Short web captions:
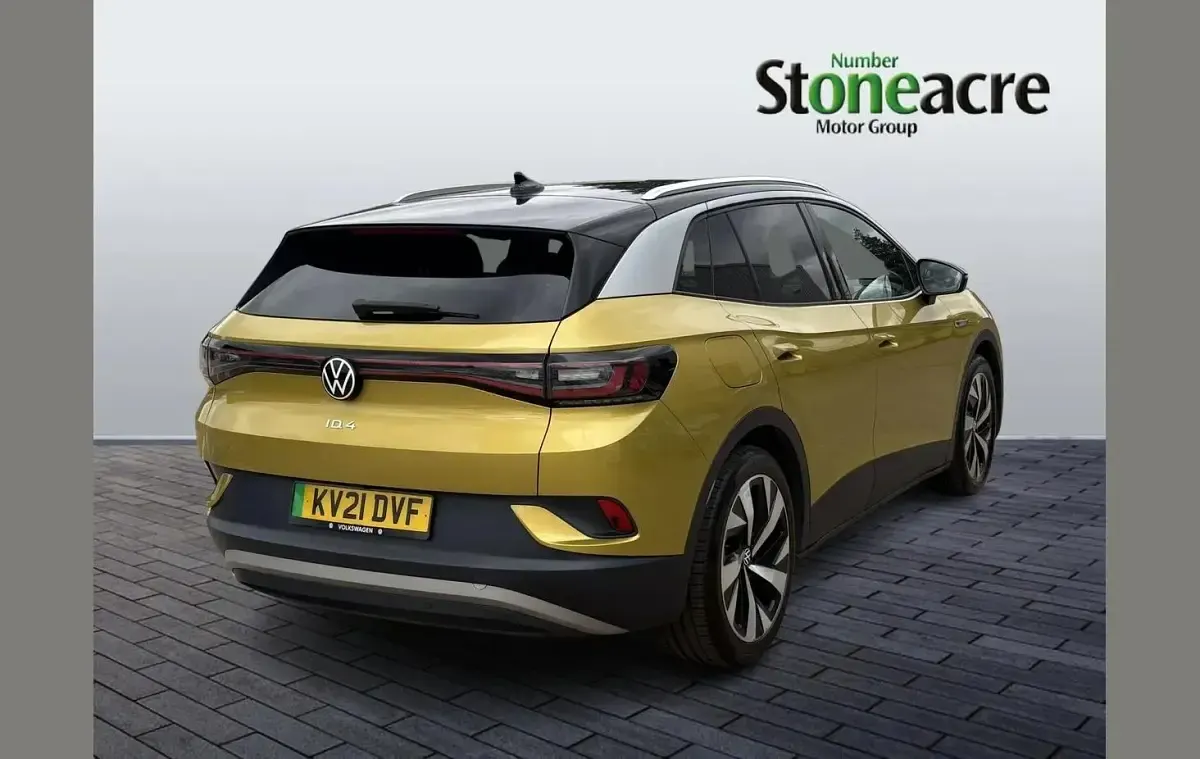 Used VW ID.4 Pro Performance 147 kW (200 HP) 2021 Yellow SUV
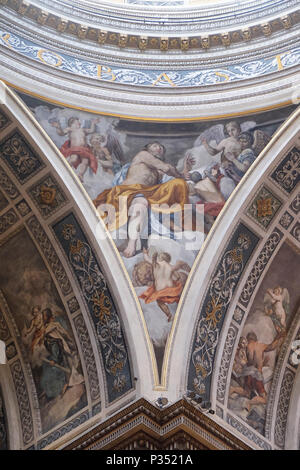 Saint der Evangelist Markus, Fresko in der Basilika des Heiligen Andreas in Mantua, Italien Stockfoto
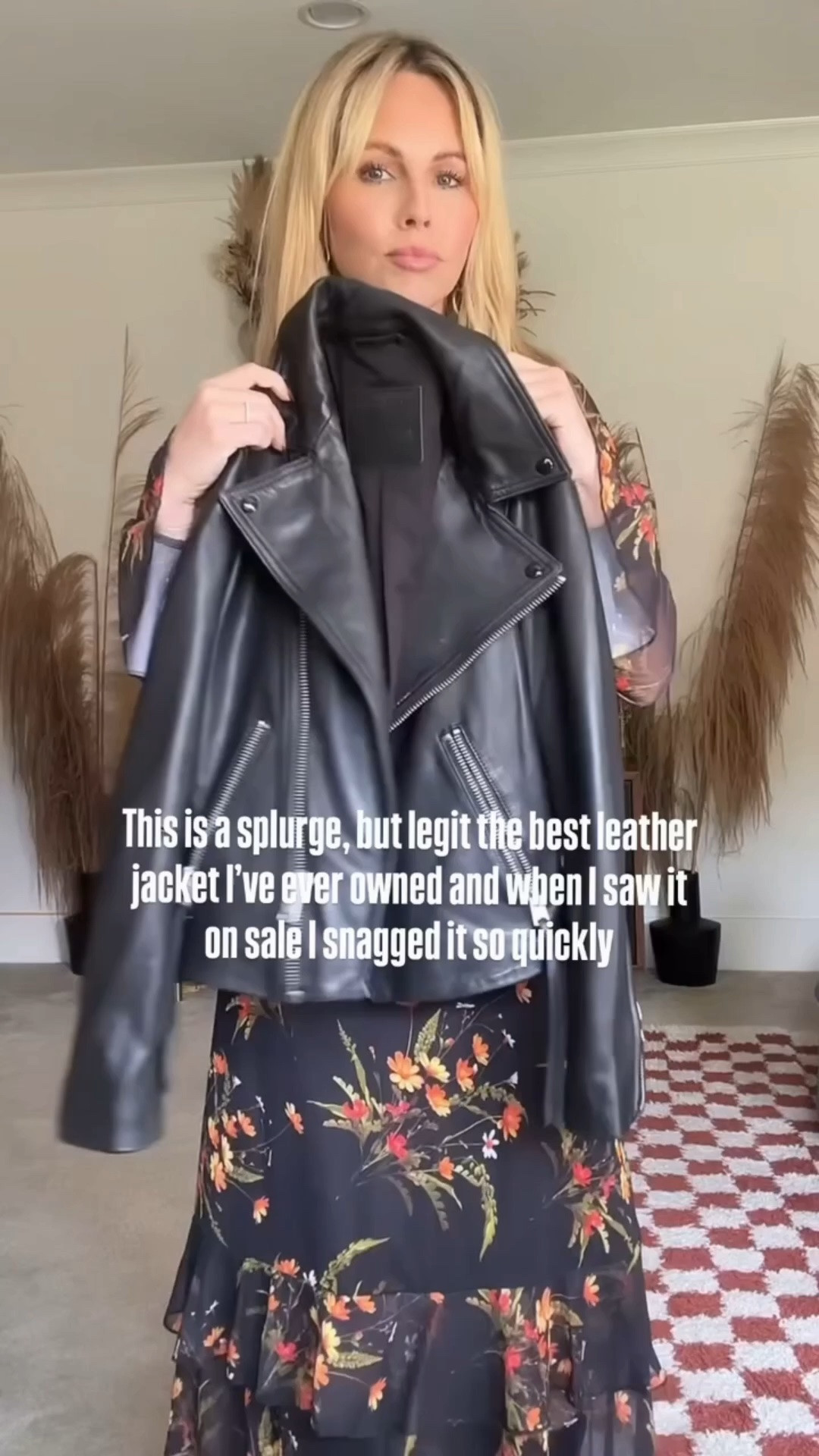 This leather jacket is everything. It was a splurge, but it’s been worth every penny 😍🖤 linked the dress as well! 

#splurge #fallfashion #winterfashion #jacket

#LTKSeasonal #LTKOver40 #LTKootd
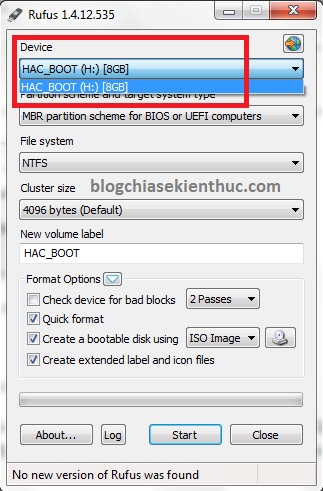 Cách tạo usb cài win 3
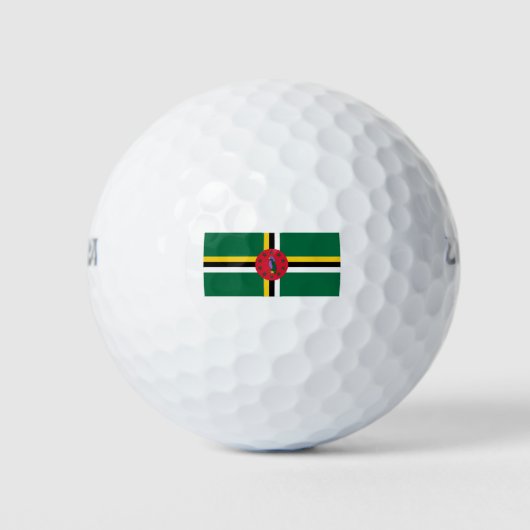 Balles De Golf Drapeau de la Dominique (Devant)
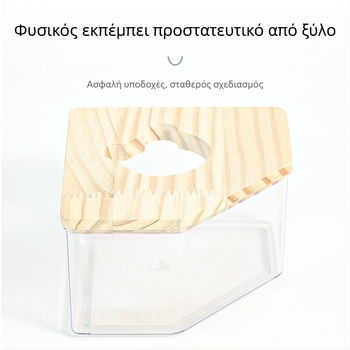 Μπάνιο Hamster Μπανιέρα Μπάνιου Άμμος Λεκάνη Τουαλέτας Διπλής Χρήσης Άμμος Μπάνιου Golden Bear Άμμος Ούρων Αντιπυρετική Εξωτερικές Παροχές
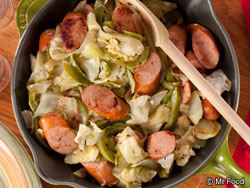 Skillet Sausage 'n' Cabbage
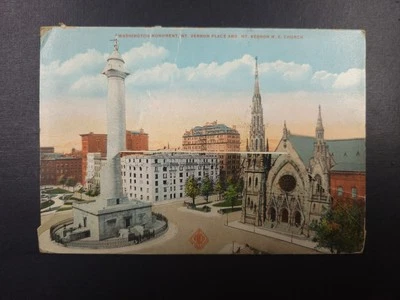 Estampillas de Estados Unidos Baltimore MD a Toledo OH postal estación de Pensilvania Foto 1 de 3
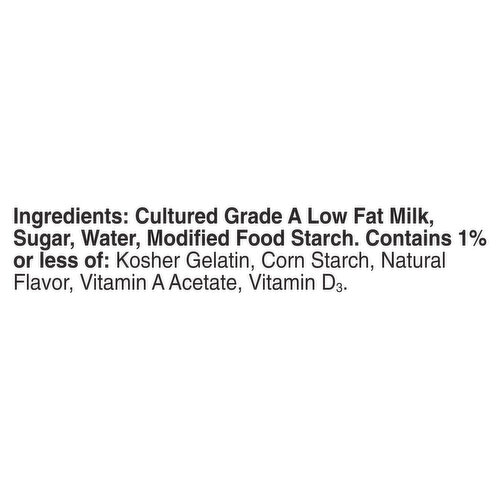 Yoplait Low Fat French Vanilla Yogurt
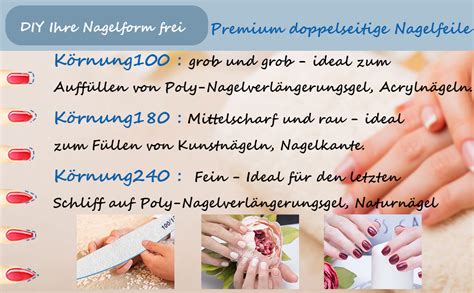 Nagelfeile Nagelfeilen Nagelfeilen F R Naturn Gel Und Dicke N Gel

* **WHAT THIS TASK INVOLVES**
The records above are to be retyped exactly, with every picture left out.

* **WORKED SOLUTION**
 Used VW ID.4 Pro Performance 147 kW (200 HP) 2021 Yellow SUV
 Saint der Evangelist Markus, Fresko in der Basilika des Heiligen Andreas in Mantua, Italien Stockfoto
 This leather jacket is everything. It was a splurge, but it’s been worth every penny 😍🖤 linked the dress as well! 

#splurge #fallfashion #winterfashion #jacket

#LTKSeasonal #LTKOver40 #LTKootd
 Cách tạo usb cài win 3
 Balles De Golf Drapeau de la Dominique (Devant)
 Μπάνιο Hamster Μπανιέρα Μπάνιου Άμμος Λεκάνη Τουαλέτας Διπλής Χρήσης Άμμος Μπάνιου Golden Bear Άμμος Ούρων Αντιπυρετική Εξωτερικές Παροχές
 Skillet Sausage 'n' Cabbage
 Estampillas de Estados Unidos Baltimore MD a Toledo OH postal estación de Pensilvania Foto 1 de 3
 Yoplait Low Fat French Vanilla Yogurt
 Nagelfeile Nagelfeilen Nagelfeilen F R Naturn Gel Und Dicke N Gel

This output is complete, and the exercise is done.